Despite being virtually tied with White women for the highest rates of voter registration and turnout, Black women are less likely to be encouraged and more likely to be discouraged from running for offices than their White counterparts or Black men. Moreover, when Black women run for office, they are less likely to receive the early dollars and early endorsements that often position candidates to mount successful campaigns. Finally, despite a deep well of successful grassroots and political activism, Black women are often challenged to find the type of culturally relevant candidate training that can help them translate their experience into effective campaign strategies.
ESSENCE.COM: Higher Heights and several other organizations have been working to build a pipeline of Black women who are prepared to run for office.
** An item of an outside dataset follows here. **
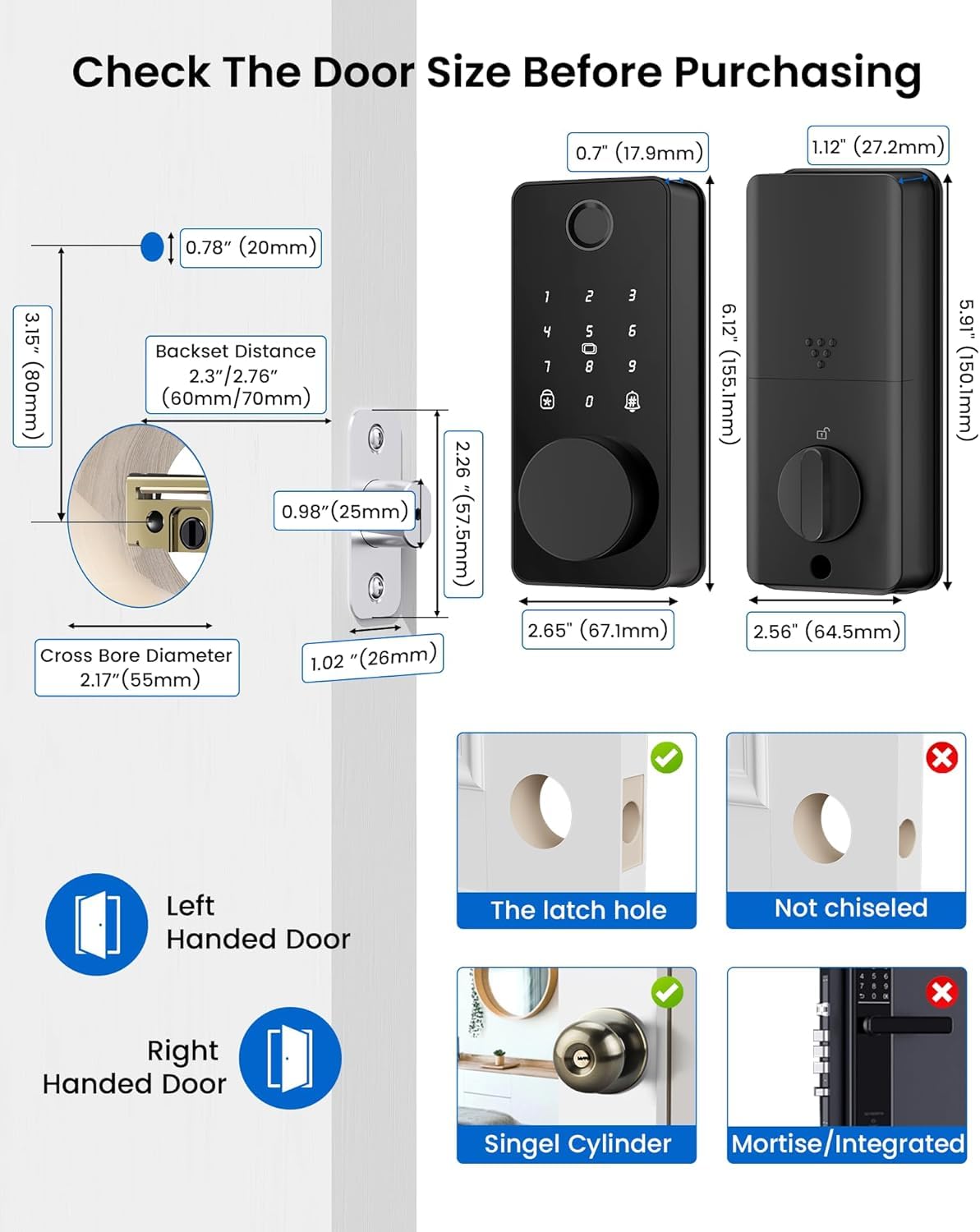 Fingerprint Keyless Entry Door Lock, Smart Deadbolt Lock App Control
What lessons have emerged?
G.C.: A multiyear investment in a comprehensive recruitment and training strategy can build on recent gains to expand a pipeline of Black women ready to run, win and lead on the federal, state and local levels.
We can create an environment for stakeholders, donors and political institutions to lend critical early support by driving the narrative that Black women are viable political representatives and that there are broader pathways to victory for them than previously envisioned.
Grassroots activism around issues such as education, economic opportunities, the environment and safe and healthy communities are ripe recruiting grounds for Black women political candidates. An active network of Black women, allied supporters and advisers is key to a successful campaign for Black women candidates, particularly early on.
ESSENCE.COM: Any additional thoughts to share ahead of the November midterm elections?
G.C.: This November, Black women are poised to build on the legacy of Shirley Chisholm. This year marks the fiftieth anniversary of her historic election to Congress as the first Black women to serve in the House of Representatives. This year, if successful, Black women will see gains at all levels. We can elect the first African-American woman governor in our country’s 200-plus-year history and the largest number of Black women to serve in Congress.